- **Records for the task**
>>>

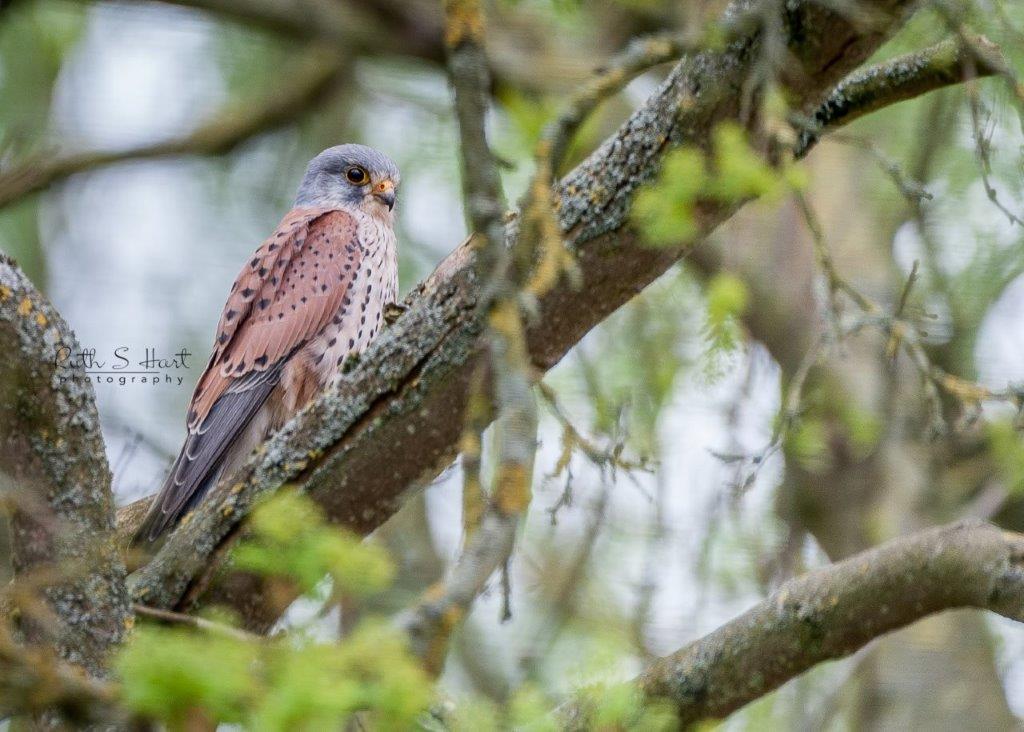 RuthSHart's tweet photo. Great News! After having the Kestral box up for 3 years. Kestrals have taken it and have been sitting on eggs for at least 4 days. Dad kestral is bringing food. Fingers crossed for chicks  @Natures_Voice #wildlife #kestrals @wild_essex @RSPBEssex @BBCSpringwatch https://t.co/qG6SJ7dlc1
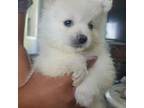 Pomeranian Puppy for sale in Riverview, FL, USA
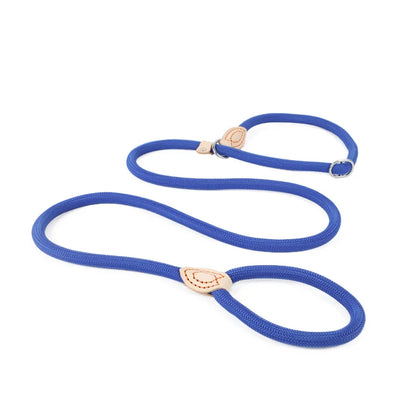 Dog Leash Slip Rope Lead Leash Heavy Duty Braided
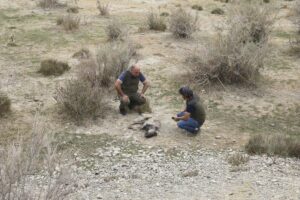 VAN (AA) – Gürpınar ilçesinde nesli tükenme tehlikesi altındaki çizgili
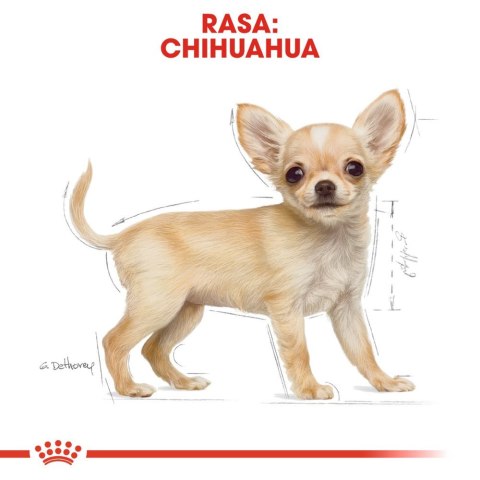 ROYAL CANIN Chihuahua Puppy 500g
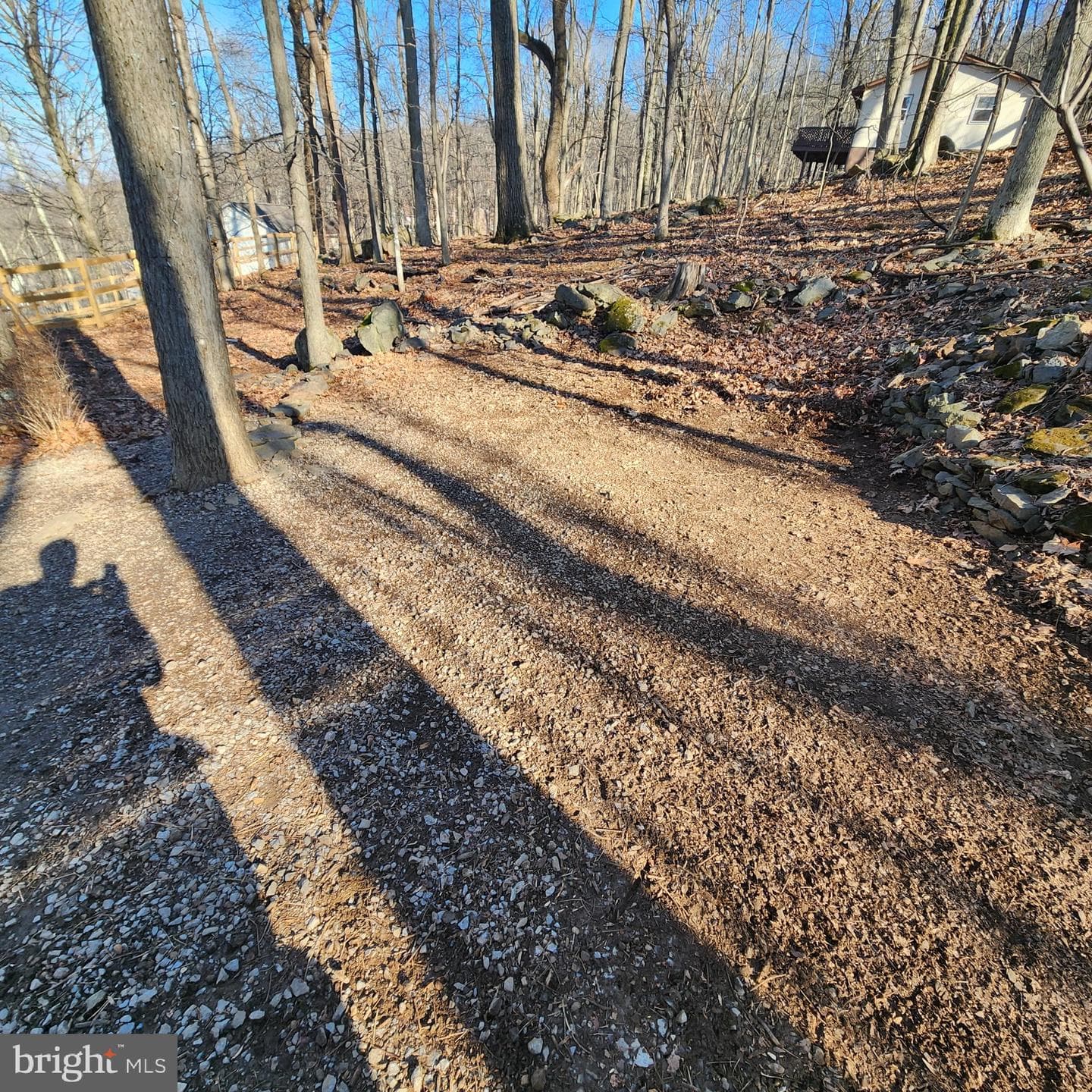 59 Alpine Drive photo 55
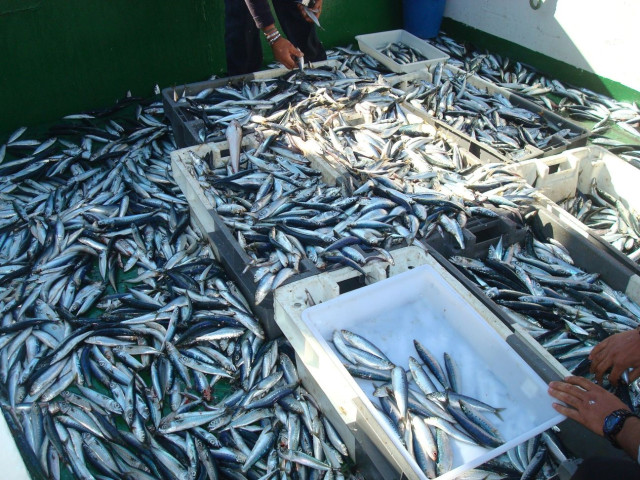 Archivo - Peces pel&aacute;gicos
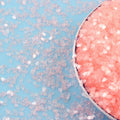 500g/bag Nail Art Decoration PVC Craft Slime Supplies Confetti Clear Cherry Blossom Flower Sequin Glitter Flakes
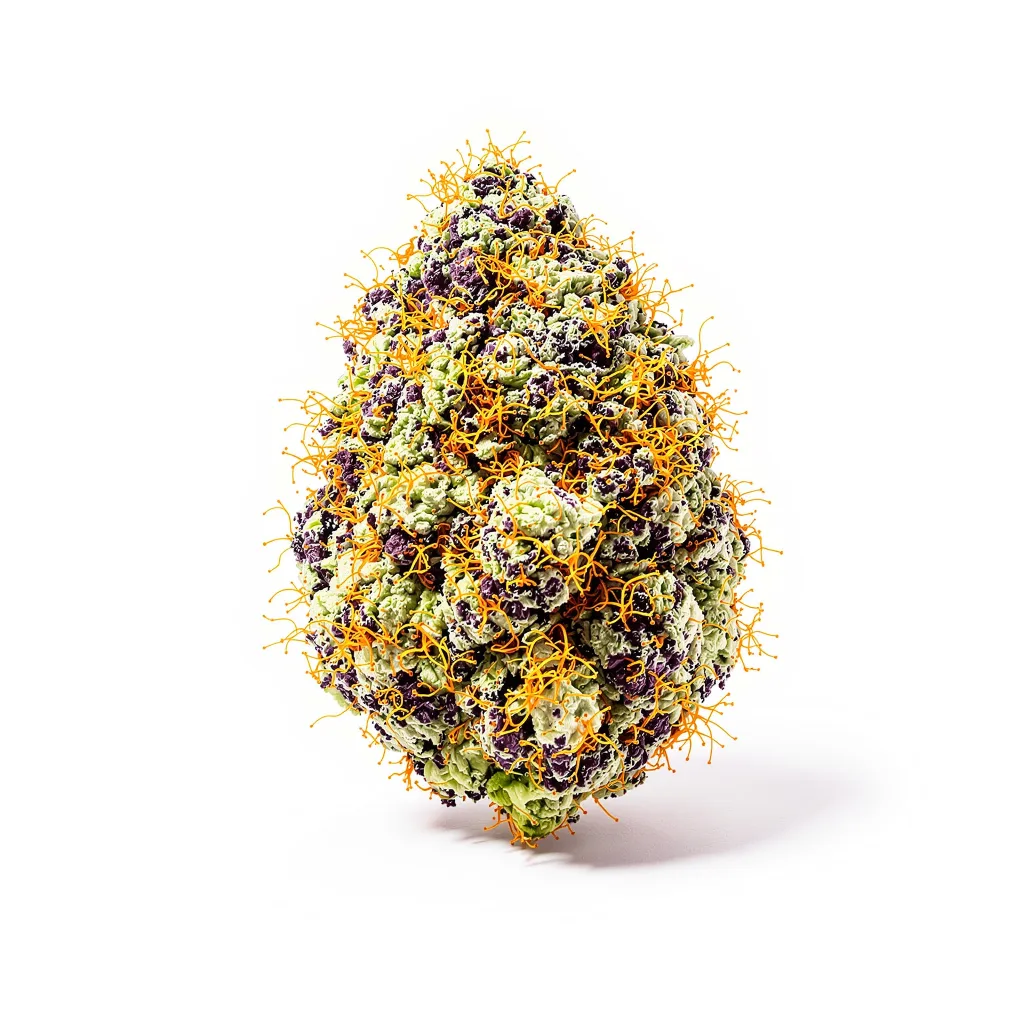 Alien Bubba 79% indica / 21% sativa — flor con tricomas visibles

<<<
>>>

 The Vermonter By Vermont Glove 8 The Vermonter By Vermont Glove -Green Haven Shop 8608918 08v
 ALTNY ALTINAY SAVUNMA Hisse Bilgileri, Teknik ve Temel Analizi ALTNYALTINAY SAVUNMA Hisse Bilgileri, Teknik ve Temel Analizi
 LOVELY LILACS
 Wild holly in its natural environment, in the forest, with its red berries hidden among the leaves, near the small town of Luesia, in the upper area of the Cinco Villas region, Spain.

<<<

Transcribe, exactly and without pictures, everything in the data from the line with "Archivo - Peces pel&aacute;gicos" down to the line with "Alien Bubba 79%", both included.

- **Expected answer**
 Archivo - Peces pel&aacute;gicos
 500g/bag Nail Art Decoration PVC Craft Slime Supplies Confetti Clear Cherry Blossom Flower Sequin Glitter Flakes
 Alien Bubba 79% indica / 21% sativa — flor con tricomas visibles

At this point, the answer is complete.